Short descriptive text snippets:
+++

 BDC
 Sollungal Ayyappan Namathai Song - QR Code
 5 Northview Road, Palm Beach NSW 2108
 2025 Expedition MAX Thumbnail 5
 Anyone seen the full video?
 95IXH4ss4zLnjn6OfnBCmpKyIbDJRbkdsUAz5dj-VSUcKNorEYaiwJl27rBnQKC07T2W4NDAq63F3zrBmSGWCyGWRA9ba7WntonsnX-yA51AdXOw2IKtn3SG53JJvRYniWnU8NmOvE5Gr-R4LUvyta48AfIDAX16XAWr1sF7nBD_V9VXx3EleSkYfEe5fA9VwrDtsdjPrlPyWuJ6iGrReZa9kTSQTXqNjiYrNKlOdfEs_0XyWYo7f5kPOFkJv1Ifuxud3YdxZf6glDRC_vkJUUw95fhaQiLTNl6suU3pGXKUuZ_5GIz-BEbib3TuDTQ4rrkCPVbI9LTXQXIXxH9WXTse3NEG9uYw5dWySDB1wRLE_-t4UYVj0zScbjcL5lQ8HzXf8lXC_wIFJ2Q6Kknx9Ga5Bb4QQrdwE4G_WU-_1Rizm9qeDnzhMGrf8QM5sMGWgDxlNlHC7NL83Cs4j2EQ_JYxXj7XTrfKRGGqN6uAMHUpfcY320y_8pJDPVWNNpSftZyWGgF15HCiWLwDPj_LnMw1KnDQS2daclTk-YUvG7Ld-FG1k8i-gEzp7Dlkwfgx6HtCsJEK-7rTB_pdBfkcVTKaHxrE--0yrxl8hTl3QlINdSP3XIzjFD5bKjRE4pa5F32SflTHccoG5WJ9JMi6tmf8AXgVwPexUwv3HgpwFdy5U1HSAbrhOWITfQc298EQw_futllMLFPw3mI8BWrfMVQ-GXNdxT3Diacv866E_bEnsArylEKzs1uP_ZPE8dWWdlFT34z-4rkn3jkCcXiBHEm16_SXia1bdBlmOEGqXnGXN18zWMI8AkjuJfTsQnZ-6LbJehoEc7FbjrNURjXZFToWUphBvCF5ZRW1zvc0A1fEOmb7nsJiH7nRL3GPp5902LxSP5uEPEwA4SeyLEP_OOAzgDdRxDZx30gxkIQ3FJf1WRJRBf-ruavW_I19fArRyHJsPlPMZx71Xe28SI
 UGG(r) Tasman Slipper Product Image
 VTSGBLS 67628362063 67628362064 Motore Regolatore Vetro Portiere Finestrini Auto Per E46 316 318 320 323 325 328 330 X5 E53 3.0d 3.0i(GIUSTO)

+++

# [Task prompt]
Set down the entries again, exactly as they stand above.

# [Answer below]
 BDC
 Sollungal Ayyappan Namathai Song - QR Code
 5 Northview Road, Palm Beach NSW 2108
 2025 Expedition MAX Thumbnail 5
 Anyone seen the full video?
 95IXH4ss4zLnjn6OfnBCmpKyIbDJRbkdsUAz5dj-VSUcKNorEYaiwJl27rBnQKC07T2W4NDAq63F3zrBmSGWCyGWRA9ba7WntonsnX-yA51AdXOw2IKtn3SG53JJvRYniWnU8NmOvE5Gr-R4LUvyta48AfIDAX16XAWr1sF7nBD_V9VXx3EleSkYfEe5fA9VwrDtsdjPrlPyWuJ6iGrReZa9kTSQTXqNjiYrNKlOdfEs_0XyWYo7f5kPOFkJv1Ifuxud3YdxZf6glDRC_vkJUUw95fhaQiLTNl6suU3pGXKUuZ_5GIz-BEbib3TuDTQ4rrkCPVbI9LTXQXIXxH9WXTse3NEG9uYw5dWySDB1wRLE_-t4UYVj0zScbjcL5lQ8HzXf8lXC_wIFJ2Q6Kknx9Ga5Bb4QQrdwE4G_WU-_1Rizm9qeDnzhMGrf8QM5sMGWgDxlNlHC7NL83Cs4j2EQ_JYxXj7XTrfKRGGqN6uAMHUpfcY320y_8pJDPVWNNpSftZyWGgF15HCiWLwDPj_LnMw1KnDQS2daclTk-YUvG7Ld-FG1k8i-gEzp7Dlkwfgx6HtCsJEK-7rTB_pdBfkcVTKaHxrE--0yrxl8hTl3QlINdSP3XIzjFD5bKjRE4pa5F32SflTHccoG5WJ9JMi6tmf8AXgVwPexUwv3HgpwFdy5U1HSAbrhOWITfQc298EQw_futllMLFPw3mI8BWrfMVQ-GXNdxT3Diacv866E_bEnsArylEKzs1uP_ZPE8dWWdlFT34z-4rkn3jkCcXiBHEm16_SXia1bdBlmOEGqXnGXN18zWMI8AkjuJfTsQnZ-6LbJehoEc7FbjrNURjXZFToWUphBvCF5ZRW1zvc0A1fEOmb7nsJiH7nRL3GPp5902LxSP5uEPEwA4SeyLEP_OOAzgDdRxDZx30gxkIQ3FJf1WRJRBf-ruavW_I19fArRyHJsPlPMZx71Xe28SI
 UGG(r) Tasman Slipper Product Image
 VTSGBLS 67628362063 67628362064 Motore Regolatore Vetro Portiere Finestrini Auto Per E46 316 318 320 323 325 328 330 X5 E53 3.0d 3.0i(GIUSTO)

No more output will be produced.